Gaussian Process for Uncertainty Quantification of Reservoir Models

Hamdi, Hamidreza (University of Calgary) | Hajizadeh, Yasin (University of Calgary) | Sousa, Mario Costa (University of Calgary)

OnePetro 

Abstract

Reservoir history matching is a computationally expensive process, which requires multiple simulation runs. Therefore, there is a constant quest for more efficient sampling algorithms that can provide an ensemble of equally-good history matched models with a diverse range of predictions using fewer simulations. We introduce a novel stochastic Gaussian Process (GP) for assisted history matching where realizations are considered to be Gaussian random variables. The GP benefits from a small initial population and selects the next best possible samples by maximizing the expected improvement (EI). The maximization of EI function is computationally cheap and is performed by the Differential Evolution (DE) algorithm.
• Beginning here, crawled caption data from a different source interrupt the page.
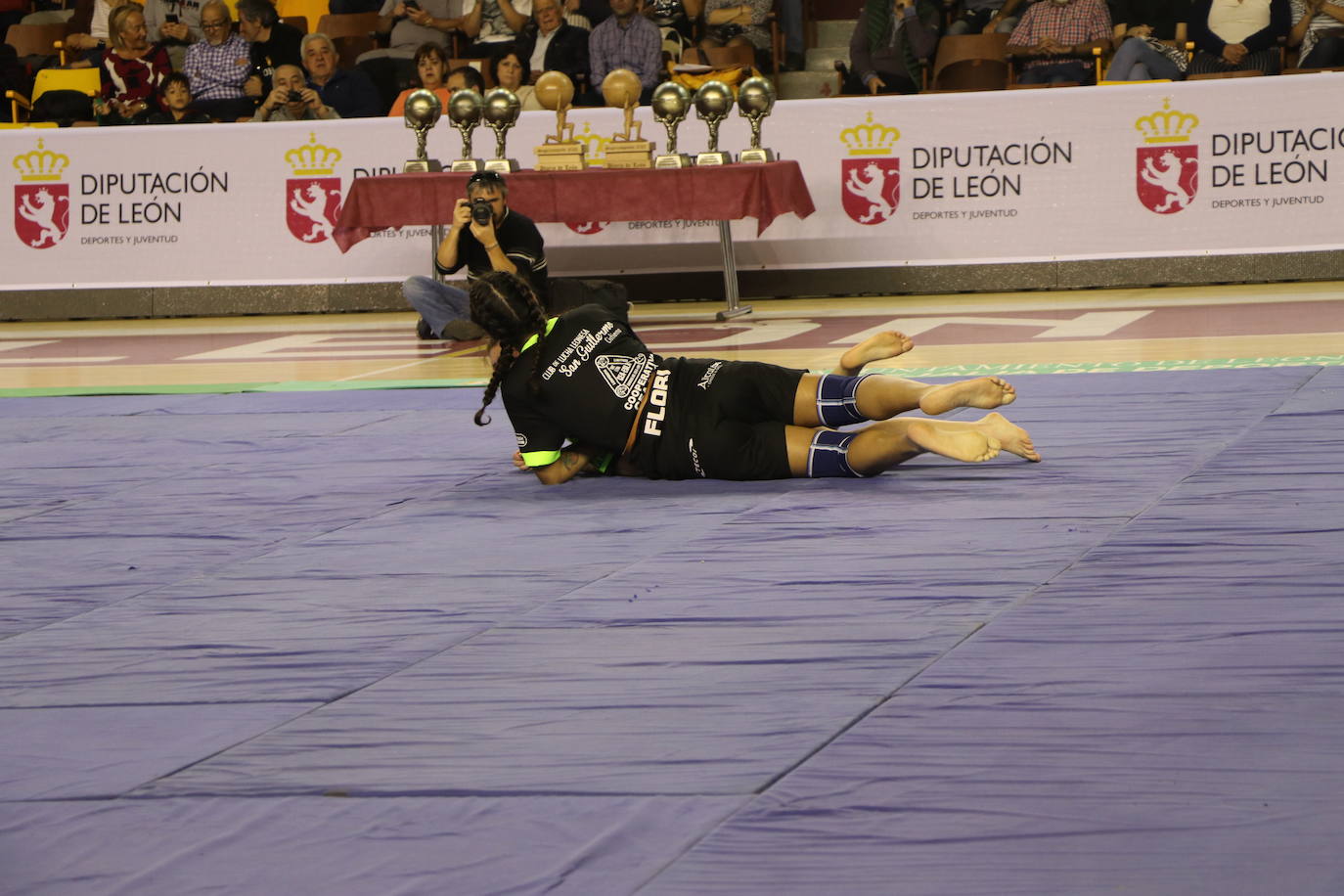 Corro de lucha leonesa en el Palacio de los Deporte.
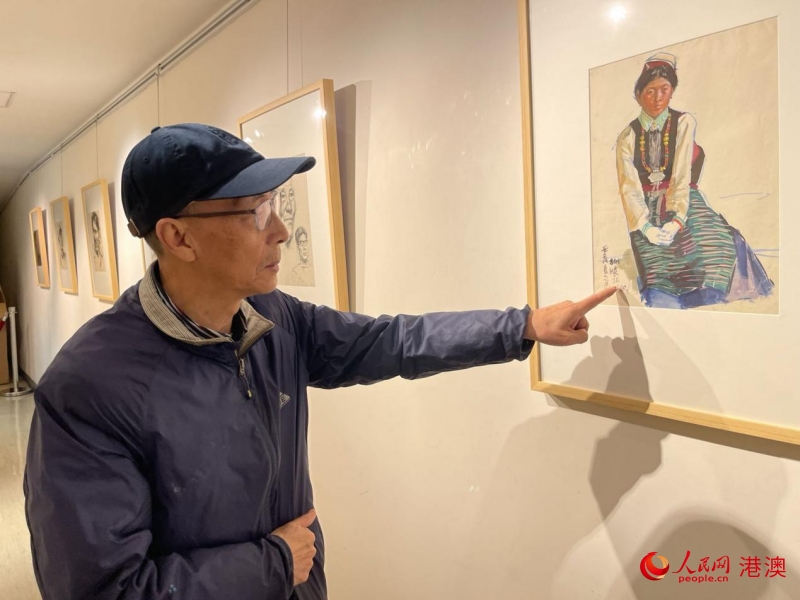 韩书力在展览现场导览
。人民网记者 富子梅摄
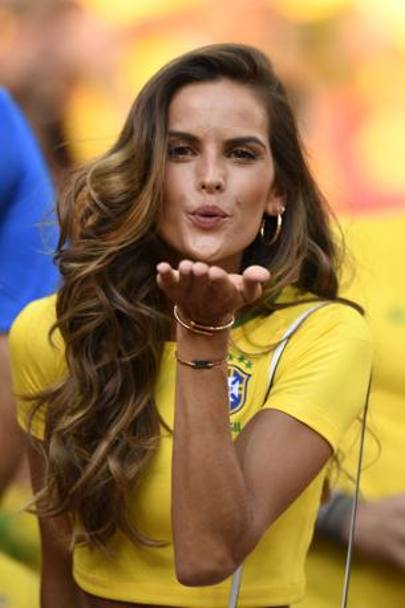 Izabel Goulart a vedere Serbia-Brasile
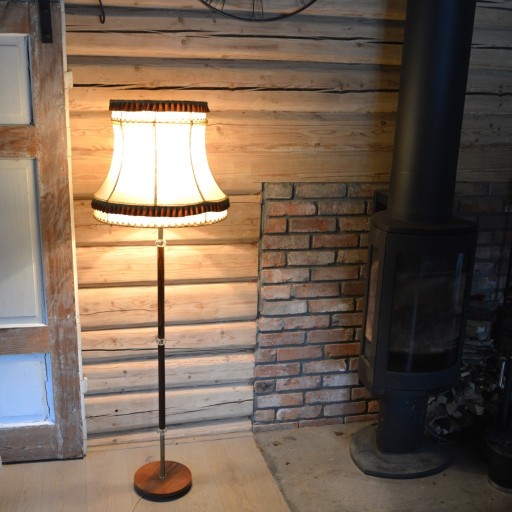Zdjęcie oferty: Zabytkowa lampa stojąca z czasów PRLu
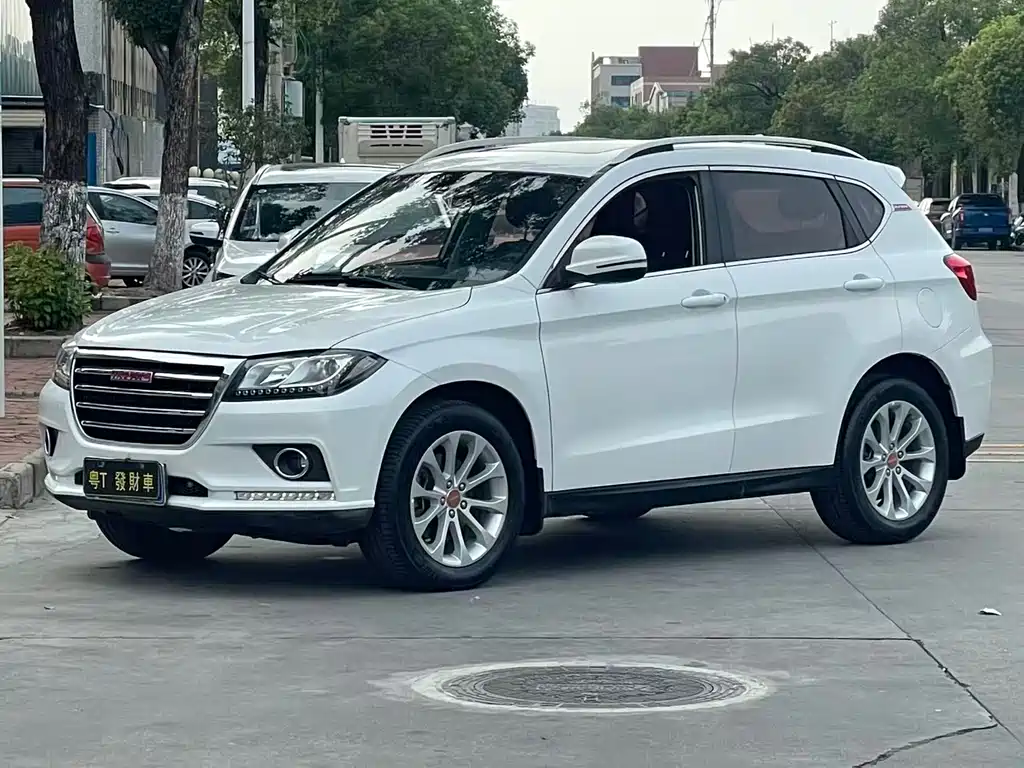 Haval H2 2017 — фото 1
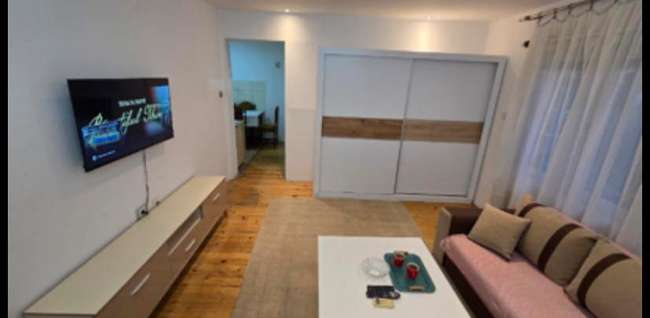 Спрат од куќа со двор близу Американска Амбасада - 3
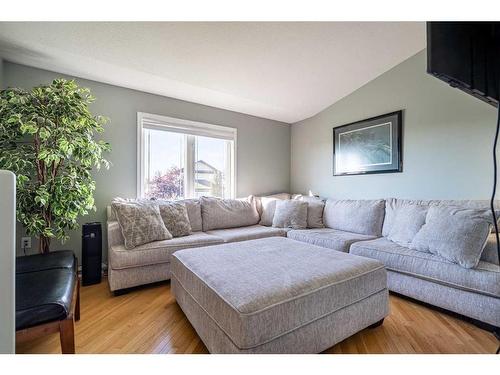 4522 24 Street, Lloydminster, SK - Indoor Photo Showing Living Room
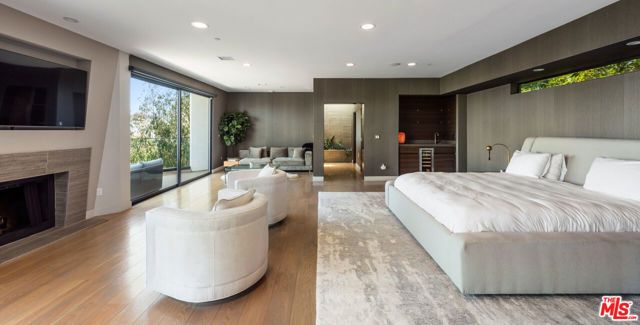 2826 Las Alturas Street, Los Angeles, CA 90068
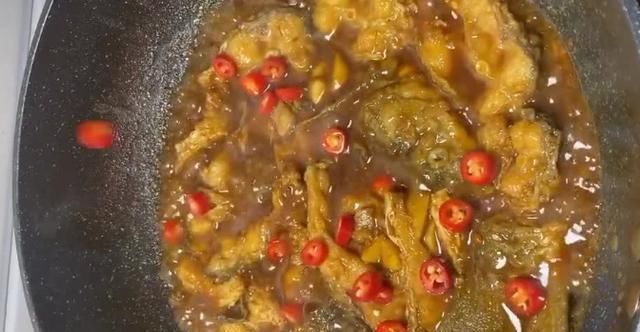  草鱼|教你做家常版红烧草鱼块，做出来肉质鲜嫩爽滑味道香辣咸鲜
The algorithm is successfully applied to a structurally complex faulted reservoir with 12 unknown parameters, 8 production and 4 injection wells. We show that the GP algorithm with EI maximization can significantly reduce the number of required simulations for history matching. The ensemble is then used to estimate the posterior distributions by performing the Markov chain Monte Carlo (McMC) using a cross-validated GP model. The hybrid workflow presents an efficient and computationally-cheap mechanism for history matching and uncertainty quantification of complex reservoir models.